Concorrendo muita dúvida e alteração sobre a sucessão do Regno de Portugal, entre el-Rei Filipe e D. António, Prior do Crato, filho do Infante D. Luís, sendo este, como português, jurado por Rei nestas ilhas dos Açores, foi tanto o poder de el-Rei Filipe, fundado na justiça e direito, que por muitos e graves letrados do Regno e fora dele lhe era concedido, que se apossou de todo o Regno e em todo ele foi reconhecido e jurado por Rei. E de tal maneira foi esbulhado D. António e destruído com os seus, que se não soube de certeza para que parte era acolhido, ou se ficava escondido no Regno.
Depois de Sua Majestade estar já de posse do dito Regno de Portugal, determinou entender nas ilhas, e mandar a elas uma pessoa que pusesse as cousas em termos que se tivessem os insulanos por ditosos terem tal Rei e Senhor.
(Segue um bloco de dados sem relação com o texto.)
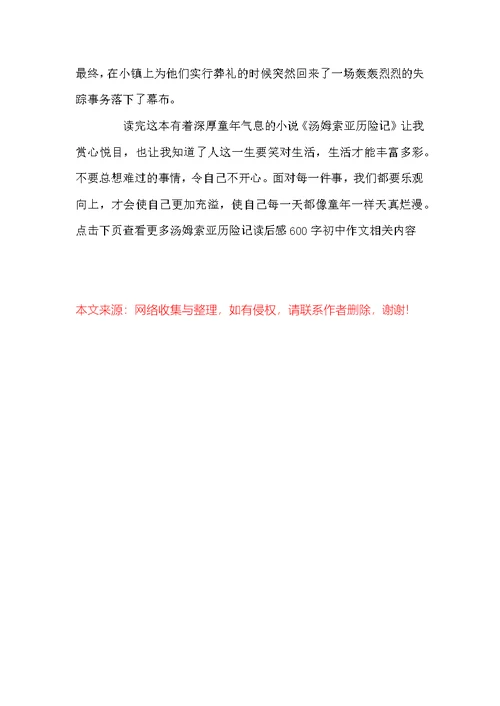 汤姆索亚历险记读后感600字初中 初中生汤姆索亚历险记读后感600字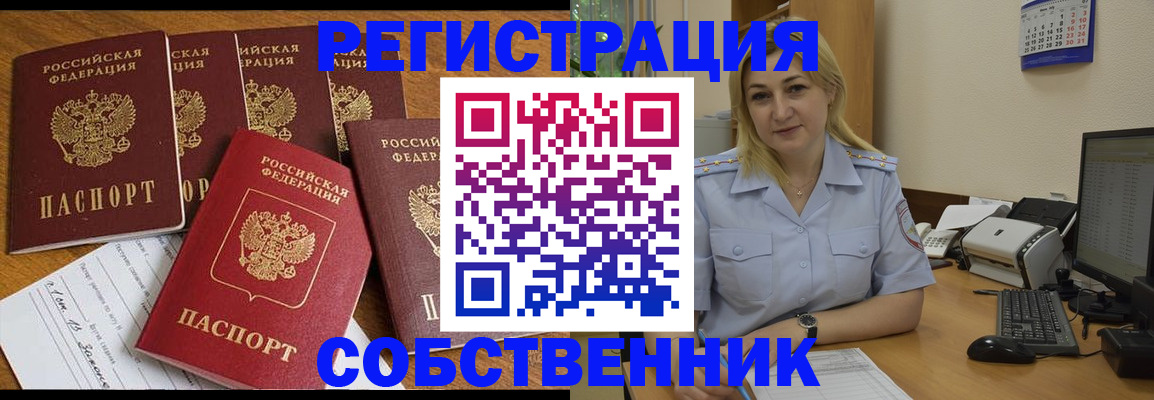 прописка иностранных граждан в Темрюке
Foi escolhido Ambrósio de Aguiar Coutinho, de quem tinha larga satisfação sobre as pretensões dos Regnos, o qual Ambrósio de Aguiar Coutinho era filho morgado de Pedro Afonso de Aguiar, provedor dos almazens do Reino de Portugal, e primo com-irmão de Jorge de Melo, que foi casado com D. Joana da Silva, com que depois casou o dito Ambrósio de Aguiar. O qual foi por capitão-mor duma armada que el- Rei D. Sebastião mandou à Índia e, vindo de lá, o acompanhou na jornada de África, sendo um dos quatro coronéis, onde foi cativo. Tornando do cativeiro, o puseram os governadores por capitão na fortaleza de Setúvel. Daí lhe sucedeu mandá-lo prender D. António. E, depois da batalha de Alcântara, onde ficou solto e livre, o mandou el-Rei chamar, e foi à cidade de Elvas e ali o despachou e lhe deu a principal comenda de Beja, que lhe importava seiscentos mil réis cada ano, para ele e para seu filho, e fez outras mercês, enviando-o por governador a estas ilhas dos Açores. Quando estava no castelo de Setúvel por capitão, se embarcaram os Governadores fugindo para Castela, de que resultou ao dito Ambrósio de Aguiar estar já confessado para o degolarem. Com este concepto que dele tinha Sua Majestade, lhe deu o governo das ditas ilhas, com largos poderes e novas honras; deixando em seu alvidrio tudo, dizendo-lhe que confiava dele que em seu serviço o faria sempre melhor do que o ele encomendava. E em um capítulo de sua instrução dizia que, posto que nela dizia o que faria, que o não fizesse, parecendo-lhe outra cousa.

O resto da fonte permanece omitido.